* [DATA EXTRACT]
=-=-=
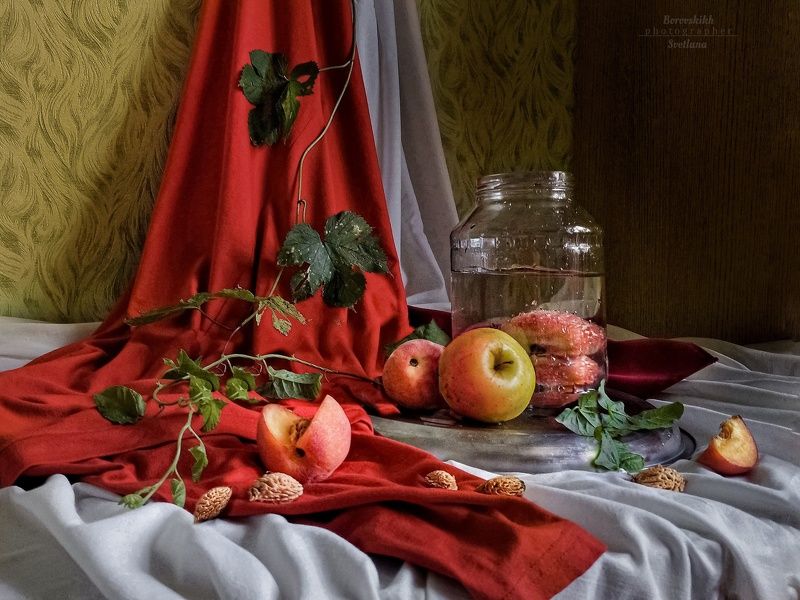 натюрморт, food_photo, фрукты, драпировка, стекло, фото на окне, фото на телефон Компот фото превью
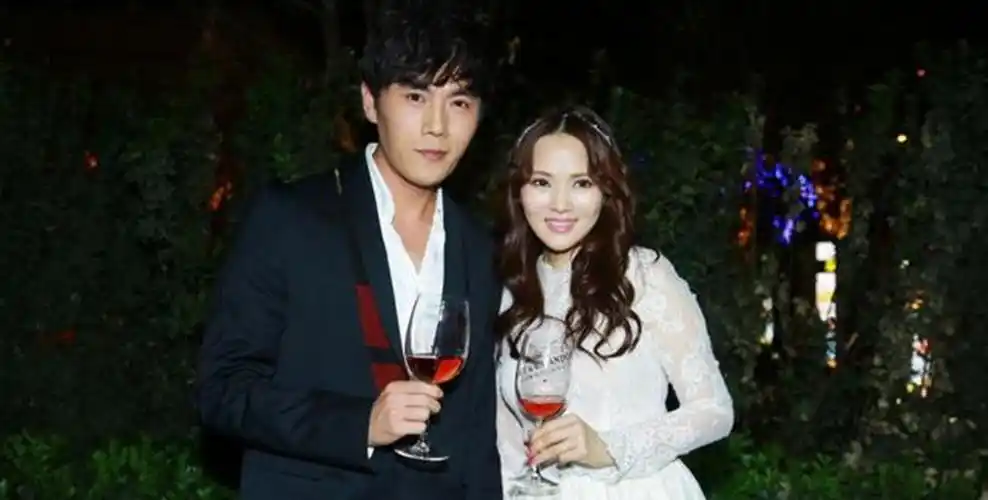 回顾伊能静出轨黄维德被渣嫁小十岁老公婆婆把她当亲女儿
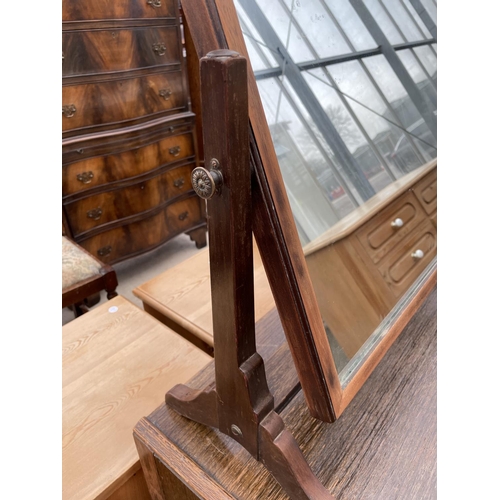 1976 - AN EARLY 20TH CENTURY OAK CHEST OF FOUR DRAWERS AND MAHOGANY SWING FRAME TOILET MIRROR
=-=-=
* [PROBLEM]
Retype exactly, and only, the lines from the one containing "回顾伊能静出轨黄维德被渣嫁小十岁老公婆婆把她当亲女儿" through the end of the material, leaving aside every picture.

* [COMPLETED EXERCISE]
 回顾伊能静出轨黄维德被渣嫁小十岁老公婆婆把她当亲女儿
 1976 - AN EARLY 20TH CENTURY OAK CHEST OF FOUR DRAWERS AND MAHOGANY SWING FRAME TOILET MIRROR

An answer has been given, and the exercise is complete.